> Exercise instructions: Begin at the line that has "무섭지는 않지만 눈치", stop after the line that has "누나, 한 입만 13화 52", and print exactly those lines from the records below, without any pictures.

> Entries provided:

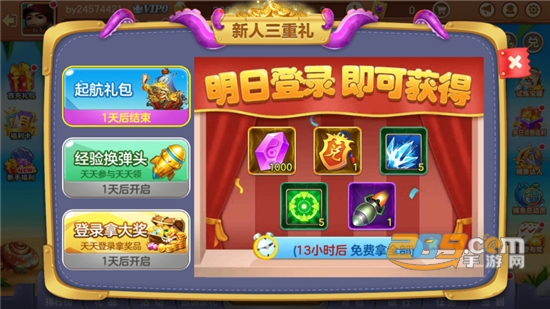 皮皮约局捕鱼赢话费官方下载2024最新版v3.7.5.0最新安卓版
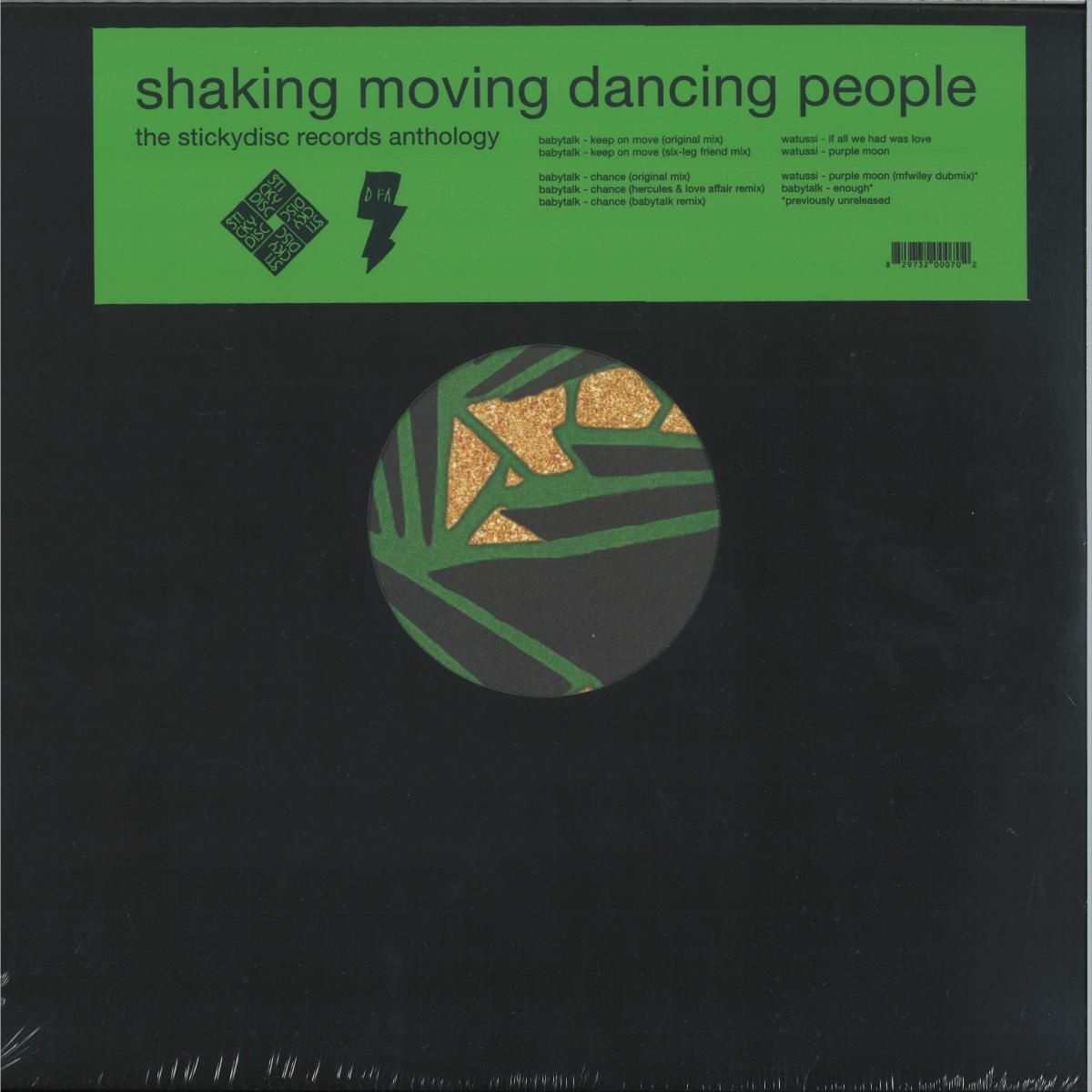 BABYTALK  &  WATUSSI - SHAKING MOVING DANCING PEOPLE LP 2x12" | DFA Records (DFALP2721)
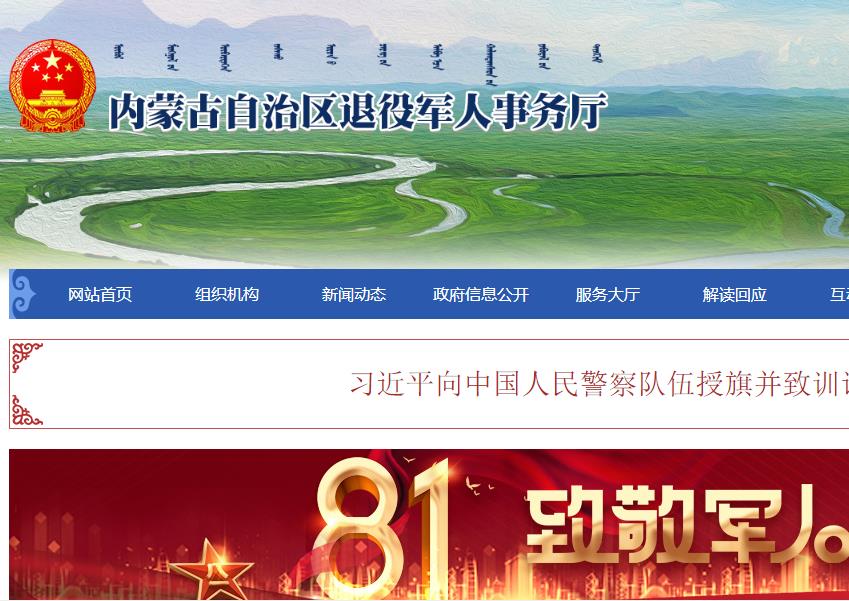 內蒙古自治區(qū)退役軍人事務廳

==

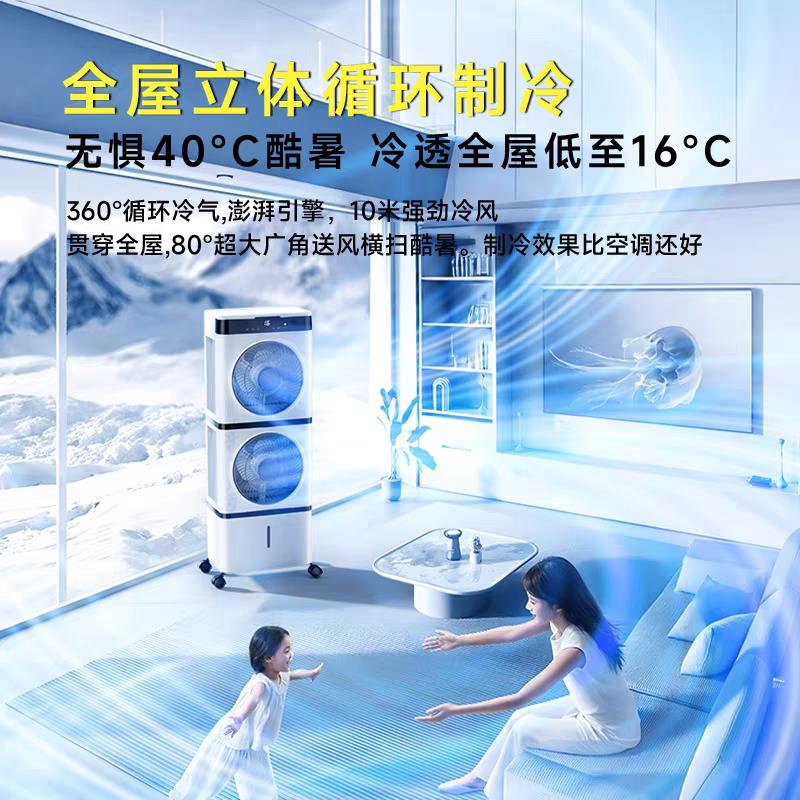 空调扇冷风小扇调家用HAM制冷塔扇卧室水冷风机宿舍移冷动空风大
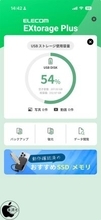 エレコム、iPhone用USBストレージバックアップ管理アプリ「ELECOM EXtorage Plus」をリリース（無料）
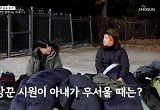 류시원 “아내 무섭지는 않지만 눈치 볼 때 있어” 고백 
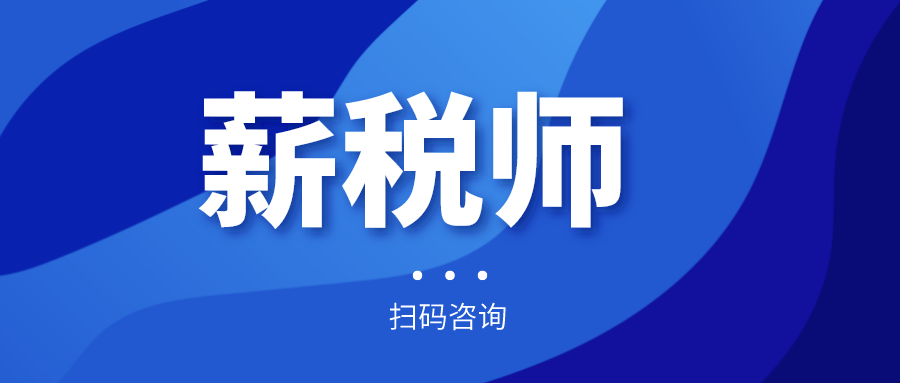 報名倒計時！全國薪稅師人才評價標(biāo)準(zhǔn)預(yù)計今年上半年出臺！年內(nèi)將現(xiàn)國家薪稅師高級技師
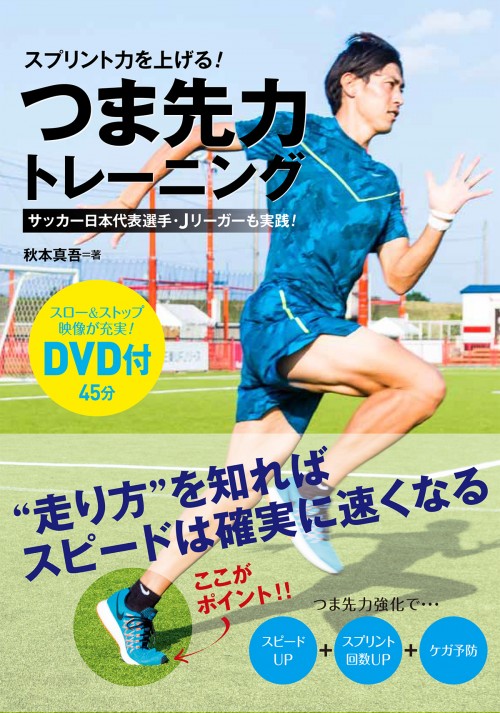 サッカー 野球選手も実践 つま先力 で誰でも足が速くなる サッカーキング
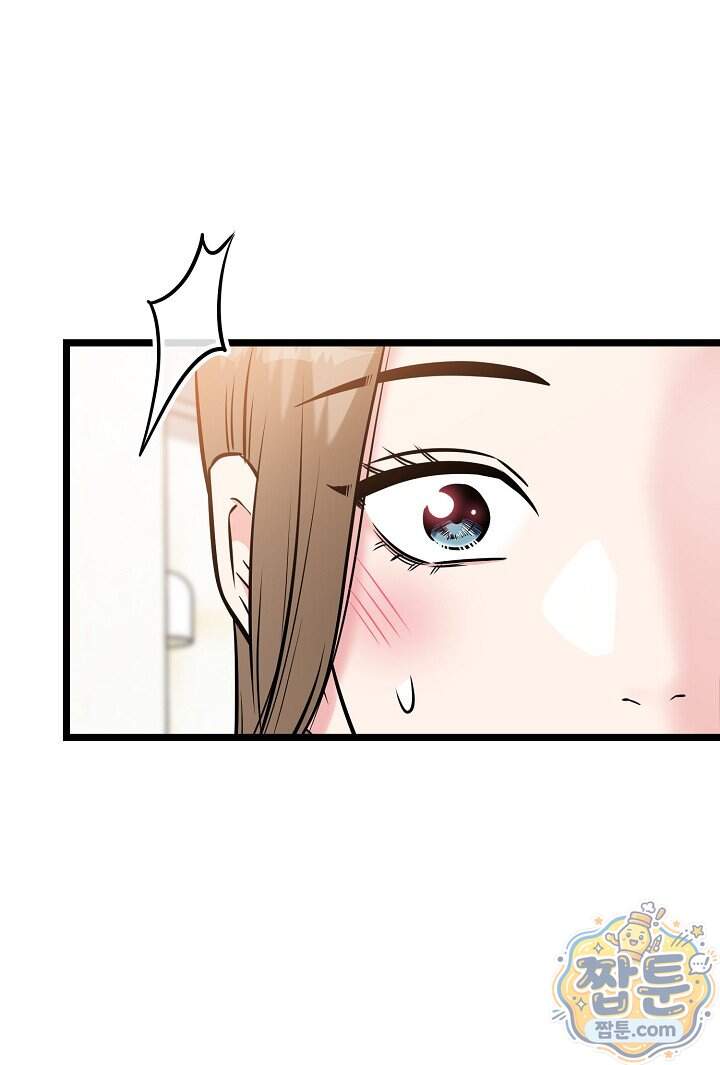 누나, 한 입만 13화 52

* * *

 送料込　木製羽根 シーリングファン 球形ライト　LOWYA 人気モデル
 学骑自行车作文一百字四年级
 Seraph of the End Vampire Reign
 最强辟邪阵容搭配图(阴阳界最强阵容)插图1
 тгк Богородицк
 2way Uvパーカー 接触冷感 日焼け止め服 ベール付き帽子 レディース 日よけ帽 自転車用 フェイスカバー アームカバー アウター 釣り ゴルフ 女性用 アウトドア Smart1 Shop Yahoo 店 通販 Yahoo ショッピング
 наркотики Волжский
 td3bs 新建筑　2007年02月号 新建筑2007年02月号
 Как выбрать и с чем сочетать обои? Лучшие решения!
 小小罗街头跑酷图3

> Response:
 류시원 “아내 무섭지는 않지만 눈치 볼 때 있어” 고백 
 報名倒計時！全國薪稅師人才評價標(biāo)準(zhǔn)預(yù)計今年上半年出臺！年內(nèi)將現(xiàn)國家薪稅師高級技師
 サッカー 野球選手も実践 つま先力 で誰でも足が速くなる サッカーキング
 누나, 한 입만 13화 52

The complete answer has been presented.